Cultural preservation through food and drink fits well with this area's hyper-local focus and reverence for handmade goods, says Cynthia Turner, a recent transplant to Asheville from New Orleans. Turner is impressed by the prevalence of artisan items and the fervor for local beer and food.
"You feel it, you see it and people are doing such a great job around here," she says. "Everyone's focused around the local."
Turner recently began tending bar at the Magnetic Field in the River Arts District, bringing with her a vast knowledge of historic cocktails, the revival of which is part of a movement that's inspiring mixologists nationwide.
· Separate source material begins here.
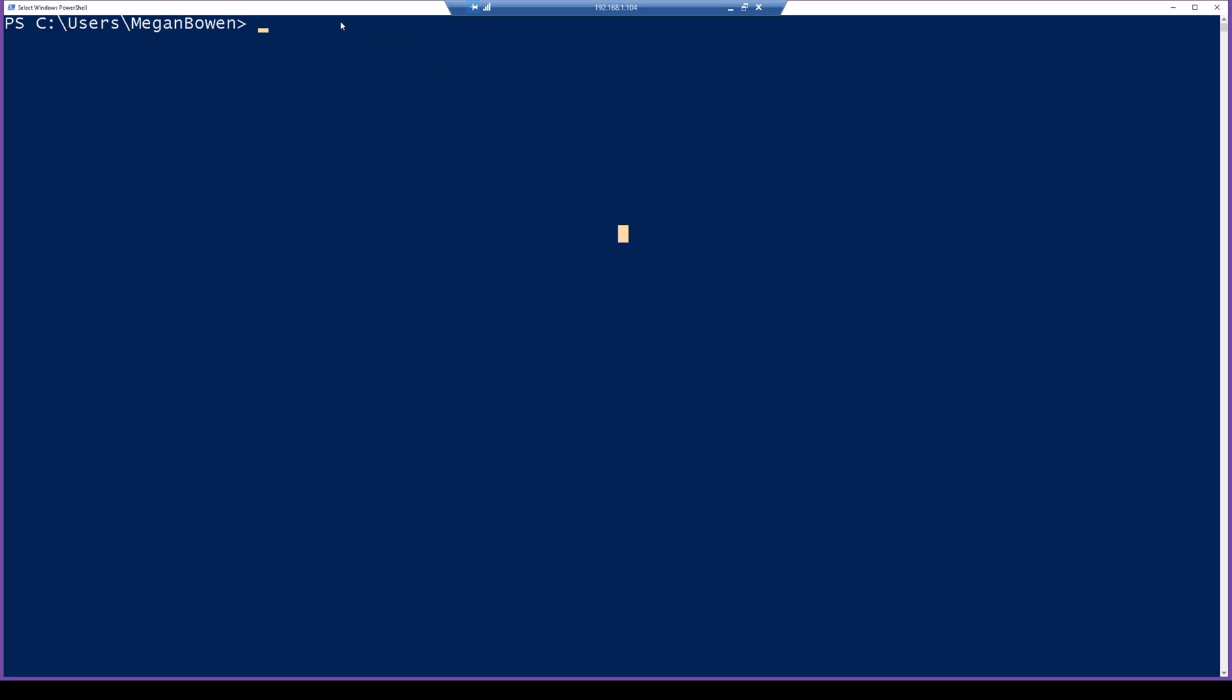Okay, so the first thing we're going to do is install the PowerShell module, so install-module-name ORCA. Now make sure you're launched here as an administrator so you can actually install the module.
In Asheville, Turner ensures that locals belly up to the bar with a thirst and leave with knowledge of classic fizzes, juleps and flips. "I would like to see the 1970s notion of imbibing laid to rest, and put the richest eras of American drink culture back in the glass,” she says.
Dated drinking patterns include fake everything — artificial colors and sour mixes, for starters. "Prohibition killed the cocktail," says Turner. "Before that, it was a rich scene. And it wasn't until the ‘90s that fresh started coming back. Now, we're researching cocktails as deep as you can go, pulling out classics and dusting them off, revamping them and telling a story," she says.
The Magnetic Field currently offers 24 handmade bitters, a number of handmade syrups including the almond-flavored orgeat and "shrubs," bracing, colonial-era vinegary syrups used to brighten drinks. It takes research to revive rare drink components like falernum, a flavored syrup native to the Caribbean..
"The research consumes me," Turner laughs. "I guess my style is different because I'm going backwards, which is what most of the cocktail world is also doing right now — it's at a boom. Every city is starting to understand."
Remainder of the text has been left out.